These marginal effects imply that buyers indicating that they were mostly autonomous were 38.1 percent more likely to purchase locally than restaurants with minimal autonomy, ceteris paribus. Mostly autonomous restaurants accounted for 12 percent of total respondents. Further, an additional one unit increase in the composite score for Production increases the probability of buying local by 4.4 percent. When there is no perceived value in knowing how and where a product was grown (score of 0), buyers are still 4.4 percent more likely to make local food purchases, but at a maximum score of 15, they are 52.8 percent more likely to purchase locally. An additional one unit increase in the composite score for Impacts increases the probability of buying local by 4.7 percent. When there are no perceived broader impacts of local food production, buyers are still 4.7 percent more likely to make local food purchases. However, if a buyer strongly agreed that local food had a positive impact on the local economy, the environment, and reducing their carbon footprint, they are 56.4 percent more likely to purchase locally.

Other qualitative results revealed where food service establishments make their food purchases. The most frequently cited source was from a national food supplier (49.5 percent), but nearly one-third of respondents indicated that they made food purchases directly from a farmer or regional foodservice distributor. When respondents were asked where they would prefer to make the majority of their food purchases, if given freedom of choice, almost half of the respondents indicated that they would like to purchase directly from a farmer (44 percent) despite the fact that 61 percent of buyers said “price” was a challenge to buying locally.
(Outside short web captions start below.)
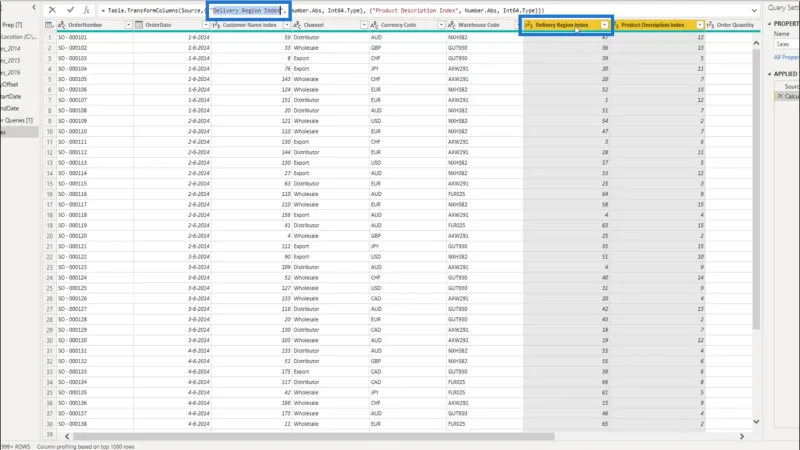 Luo jatkuvasti päivitetty harjoitustietojoukko LuckyTemplatesissa
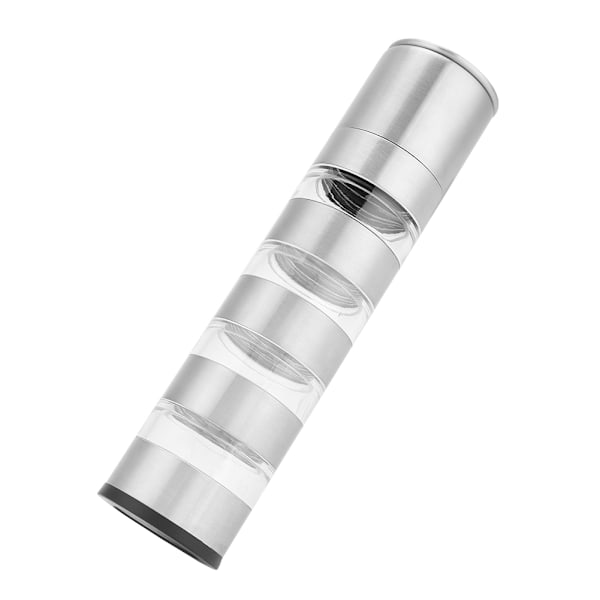 Kryddburkar för utomhuscamping Kryddburkar Kryddflaskor Shakers Box Grinder
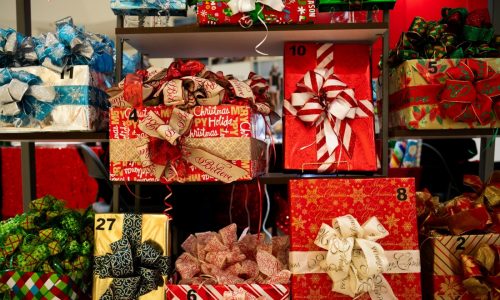 5 steps to creating financial boundaries during the holidays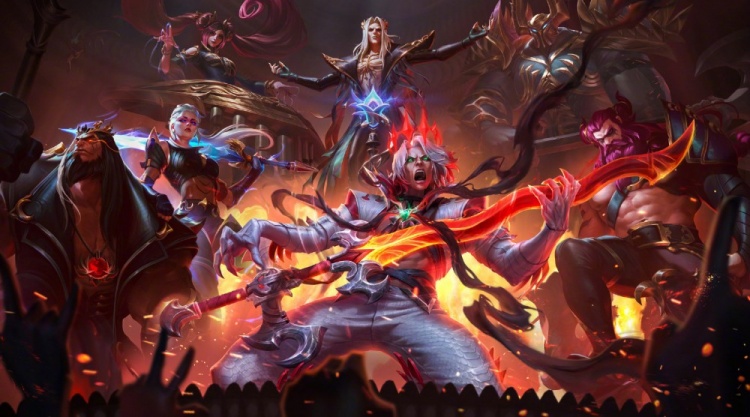 官宣：Complexity正式签约Extra Salt阵容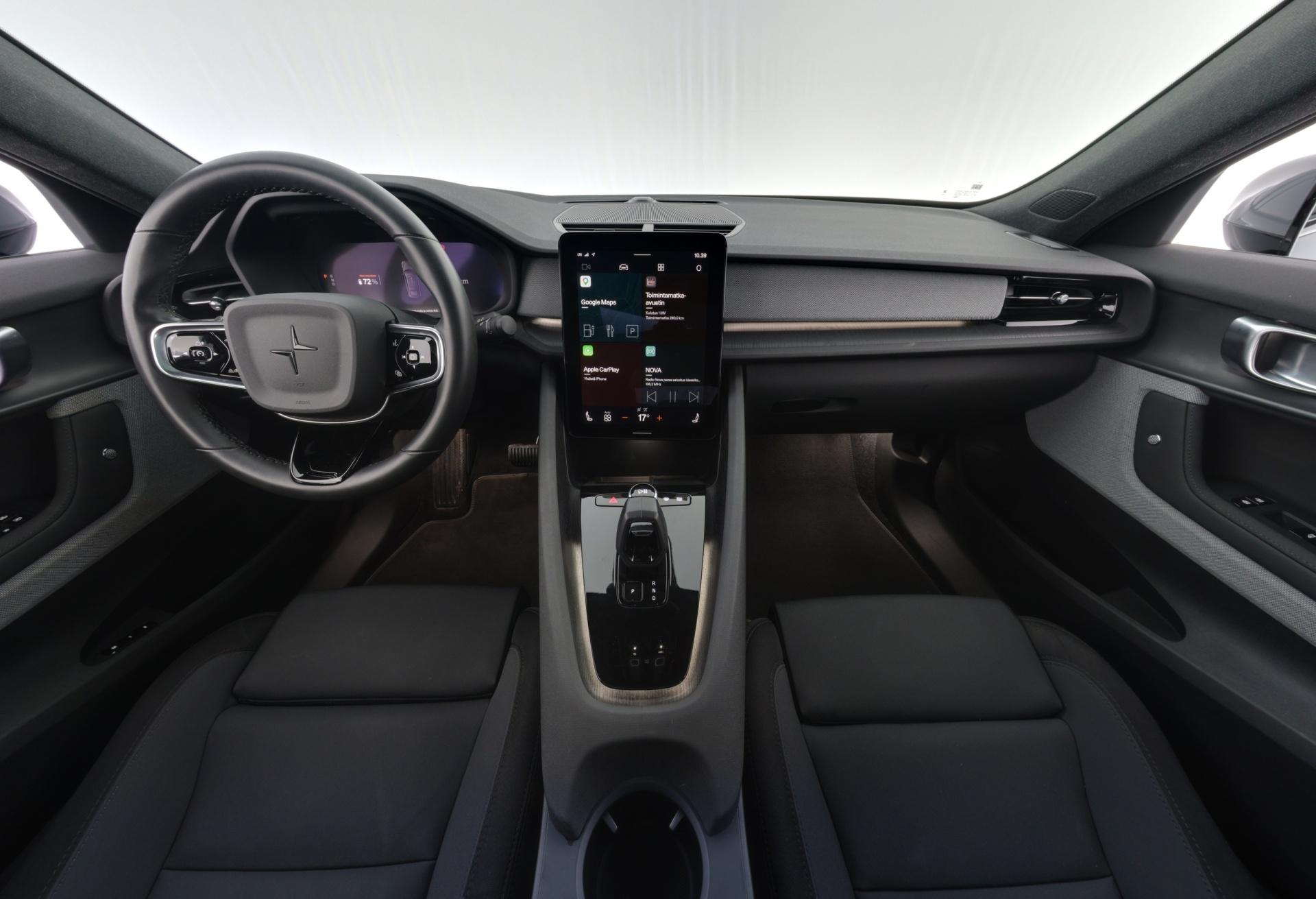 POLESTAR 2 2022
Buying from a farmers’ co-op and buying from a regional distributor were tied for the second most preferred option, at 13.7 percent. Restaurants were least interested in purchasing from food hubs (1.8 percent) and farmers markets (2.7 percent).

Intermediate Market Conclusions

The results of this research imply that small and mid-sized restaurants, as defined by Curtis and Cowee (2009), have a negative propensity to purchase local food products. Specifically, restaurants serving fewer than 750 meals per week are 19 percent less likely to purchase local food products. A closer look at the raw data, however, revealed that 74 percent (n = 51) of buyers serving fewer than 750 meals per week sourced at least 11 percent of their food products from local sources. Only 1.9 percent of respondents sourced greater than or equal to the threshold parameter of 41 percent. Moreover, the implementation of a threshold parameter for the dependent variable may have caused the results to deviate from the previous literature. Upon closer inspection, it is clear that small and mid-sized restaurants do source a small percentage from local producers or suppliers, but they may not have the capacity to do so at larger volume due to resource and profit constraints.

Additionally, results indicated that restaurant owners and/or chefs who have been making food purchasing decisions for more than two years have a negative propensity to buy local. The significant negative coefficients on “length of autonomy” may be capturing aversion to changing long-standing business practices. The composite variables, Impacts and Production, were found to have significant and positive effects on the propensity to buy local. The coefficient on the valuation of attributes related to broader impacts of local food techniques may be capturing a moral obligation to purchase locally grown. In other words, restaurateurs may feel that it is their responsibility to help support the communities that they are serving. The positive coefficient on Production may be highlighting similar consumer awareness. Advocating the importance of personally knowing from whom and where their food came may help increase the intermediate purchase of locally grown food products.

According to survey results, there is little interest in making purchases from food hubs, but there is considerable interest in purchasing directly from co-ops and regional distributors. Additional responses, however, noted that making purchases from multiple suppliers can cost buyers valuable time and therefore impede their ability to source locally. Moreover, the lack of knowledge of available local suppliers and food hubs may be responsible for the information gap between New Hampshire restaurants and local food producers. Facilitating the distribution of information regarding the availability of local food products may help increase intermediate purchases of local food products.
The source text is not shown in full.